College This Fall? It's Not Too Late

For many high school students, the college admission season ended May 1, national college decision day. All those caught up in the anxiety-producing admissions frenzy must believe there's no alternative.

I know differently, both as a college president and as a student.

For me, the admissions season was the humid, hot summer of 1973. I was admitted to Duke University in August of that year and left only one week later for a campus I had never seen.

It wasn't my grades that kept me from applying earlier; I graduated third in my class. Nor was it because I was from the wrong high school. Nearly two-dozen of my high school classmates went off to the same school I eventually attended.

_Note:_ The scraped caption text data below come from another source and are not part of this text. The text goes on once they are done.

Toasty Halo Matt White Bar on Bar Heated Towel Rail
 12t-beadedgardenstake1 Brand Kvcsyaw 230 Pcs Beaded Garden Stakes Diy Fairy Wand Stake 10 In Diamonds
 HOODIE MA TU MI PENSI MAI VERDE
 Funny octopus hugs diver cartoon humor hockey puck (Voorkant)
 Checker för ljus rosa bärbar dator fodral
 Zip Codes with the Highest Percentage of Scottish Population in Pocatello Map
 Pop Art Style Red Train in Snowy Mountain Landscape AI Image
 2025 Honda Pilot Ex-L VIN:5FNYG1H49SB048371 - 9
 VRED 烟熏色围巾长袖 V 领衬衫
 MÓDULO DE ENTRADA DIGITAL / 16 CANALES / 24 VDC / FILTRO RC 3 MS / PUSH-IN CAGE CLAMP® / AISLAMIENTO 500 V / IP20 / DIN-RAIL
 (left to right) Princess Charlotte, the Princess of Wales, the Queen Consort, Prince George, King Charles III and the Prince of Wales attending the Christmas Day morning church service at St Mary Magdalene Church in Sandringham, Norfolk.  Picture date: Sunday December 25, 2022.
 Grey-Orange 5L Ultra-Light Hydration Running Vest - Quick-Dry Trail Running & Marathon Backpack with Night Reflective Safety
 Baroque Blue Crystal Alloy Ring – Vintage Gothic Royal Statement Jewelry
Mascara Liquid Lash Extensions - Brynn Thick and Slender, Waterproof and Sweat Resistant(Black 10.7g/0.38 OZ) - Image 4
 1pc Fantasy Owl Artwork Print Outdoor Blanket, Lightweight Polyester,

Perhaps it was because I was only the second in my family to attend college, and, as a first generation college-goer, did not understand what was happening? Perhaps because I needed financial aid? That I was rejected elsewhere, and didn't want to attend my 'safety school'?

I refuse to consider that it might have been the fear and anxiety behind college applications or the procrastination that still features in my survival strategies in the face of difficult choices.

Looking back, I can imagine more reasons now than I could then for why it was August before I was admitted to what is now my alma mater. I know more, for example, about how colleges craft their entering classes and the realities of their decisions. But, still, I do not know why I was admitted to college in August to start i... August.

I do, though, know this: I was an August admit and there are others out there who will be as well, even now, decades later. When they reach the time of their 40th high school reunion, as I did not long ago, I hope that like me, they look back thinking of late admission not as a regret but as an enormous victory.

That August so long ago, I had no idea what doors would open to me because of the phone call inviting me to campus just a week later. They took a chance on me and I am the better for it. I now carry a responsibility to those students out there today, well after the so-called decision date of May 1, when all over the country some high school students were feted for the places they chose while others quietly worried about what they would do this coming fall.

Some will work. Some will head for City Year or similar programs. Some will take a gap year. Some, though, will go to one of the hundreds of colleges that offer - as mine does - "rolling admissions." There are no deadlines; we accept applications all year long for the next semester. According to the National Association for College Admission Counseling's College Openings Update, more than 450 U.S. colleges are still accepting students for Fall 2016.

So, no matter your reasons, it's not too late, procrastinators. Our doors are still open to you.